US 12,456,159 B1
	Systems and methods for object detection in spherical videos
Amine Chadli, San Mateo, CA (US); Rawia Mhiri Ep Hakim, Lille (FR); Ralph McEntagart, Ville en Sallaz (FR); and Amine Belhakimi, Paris (FR)
Assigned to GoPro, Inc., San Mateo, CA (US)
Filed by GoPro, Inc., San Mateo, CA (US)
Filed on Jun. 14, 2024, as Appl. No. 18/744,422.
Int. Cl.
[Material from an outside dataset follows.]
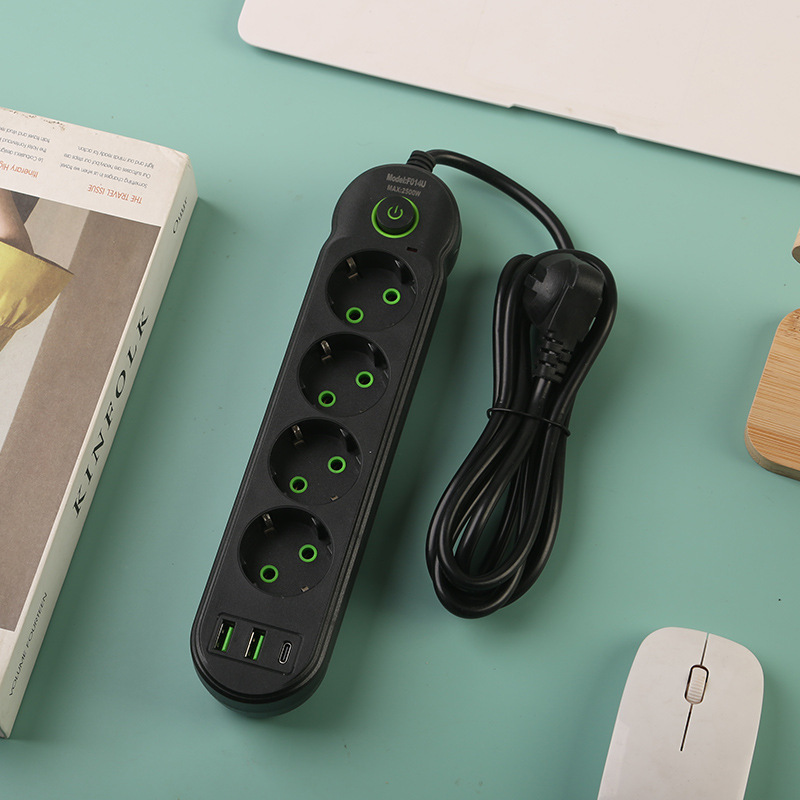 Interruptor de bolsa verde con conector USB + 1 tipo-c de conector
G06T 3/16 (2024.01); G06T 5/80 (2024.01); G06T 7/20 (2017.01); G06T 7/70 (2017.01); G06V 20/40 (2022.01)

CPC G06T 3/16 (2024.01) [G06T 5/80 (2024.01); G06T 7/20 (2013.01); G06T 7/70 (2017.01); G06V 20/46 (2022.01); G06T 2207/10016 (2013.01)]

20 Claims

1. A system for object detection in spherical videos, the system comprising:

one or more physical processors configured by machine-readable instructions to:

obtain video information defining a spherical video, the spherical video having a progress length, the spherical video including spherical visual content viewable as a function of progress through the progress length, wherein the spherical visual content has a field of view of 360 degrees;

generate multiple perspective projections of the spherical visual content, individual perspective projections providing a two-dimensional view of an extent of the spherical visual content, adjacent perspective projections having an overlap, wherein the multiple perspective projections of the spherical visual content are generated without use of equirectangular projection;

perform object detection in the multiple perspective projections, the object detection including identification of objects depicted within the multiple perspective projections, determination of placement of the identified objects, and generation of scores for the identified objects, the scores for the identified objects indicating confidence of the object detection for the identified objects, the placement of the identified objects including positions and sizes of the identified objects in the multiple perspective projections wherein a given object is identified within a given perspective projection, the given object being a given distance from a boundary of the given perspective projection, the given object having a given score;

modify one or more of the scores for the identified objects based on proximity of the identified objects to boundaries of the multiple perspective projections, wherein the given score for the given object is modified based on the given distance of the given object from the boundary of the given perspective projection;

project the placement of the identified objects within the multiple perspective projections to the spherical visual content;

identify multiple detections of a single object within the identified objects;

filter out one or more of the multiple detections of the single object from the identified objects as being redundant detection based on the scores for the identified objects; and

perform object tracking in the spherical video based on the projected placement of the identified objects in the spherical visual content.